= Ernst Schwalbe =

Ernst Theodor Karl Schwalbe (26 January 1871 - 16 March 1920) was a German pathologist, who specialized in teratological research.

Schwalbe was born in Berlin. He studied medicine at the universities of Strassburg, Berlin and Heidelberg, and received his habilitation in 1900 with a thesis on blood coagulation. Afterwards, he worked as an assistant under Julius Arnold at Heidelberg, and in 1907/08 served as prosector and head of the pathology-bacteriology clinic at the city hospital in Karlsruhe. From 1908 to 1920 he was a full professor at the University of Rostock. He was killed in Rostock while serving as a volunteer during the Kapp Putsch (1920).

== Selected works ==
- Untersuchungen zur Blutgerinnung : Beiträge zur Chemie und Morphologie der Coagulation des Blutes, 1900 - Studies on blood coagulation: Contributions to the chemistry and morphology of coagulation of the blood.

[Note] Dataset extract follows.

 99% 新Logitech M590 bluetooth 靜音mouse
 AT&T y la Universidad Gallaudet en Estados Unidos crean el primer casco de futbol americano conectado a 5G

- Vorlesungen über der Geschichte der Medizin, 1905 - Lectures on the history of medicine.
- Die Morphologie der Missbildungen des Menschen und der Tiere (3 volumes 1906–13) - Morphology of malformations of humans and animals:
  - I. Allgemeine Missbildungslehre (Teratologie) - General teratology.
  - II. Die Doppelbildungen - Double formations.

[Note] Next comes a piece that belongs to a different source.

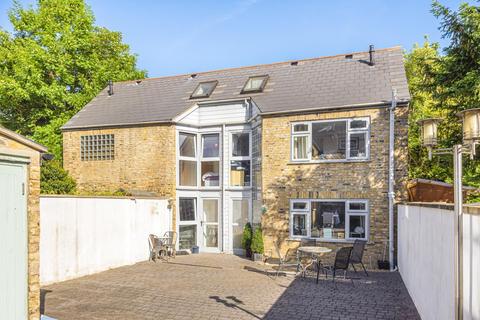 2c Birkbeck Road, Beckenham, BR3 4SN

  - III. Die Einzelmissbildungen - Single malformations.
- Untersuchungen über künstliche Parthenogenese und das Wesen des Befruchtungsvorgangs, 1906 - Studies on artificial parthenogenesis and the nature of the fertilization process.
- Kleinlebewesen und Krankheiten; sechs volkswissenschaftliche Vorträge über Bakteriologie und Hygiene, 1908 - Microbes and diseases: Six scientific lectures on bacteriology and hygiene.
- Studien zur Pathologie der Entwicklung (with Robert Meyer; 2 volumes 1914–20) - Studies on the pathology of development.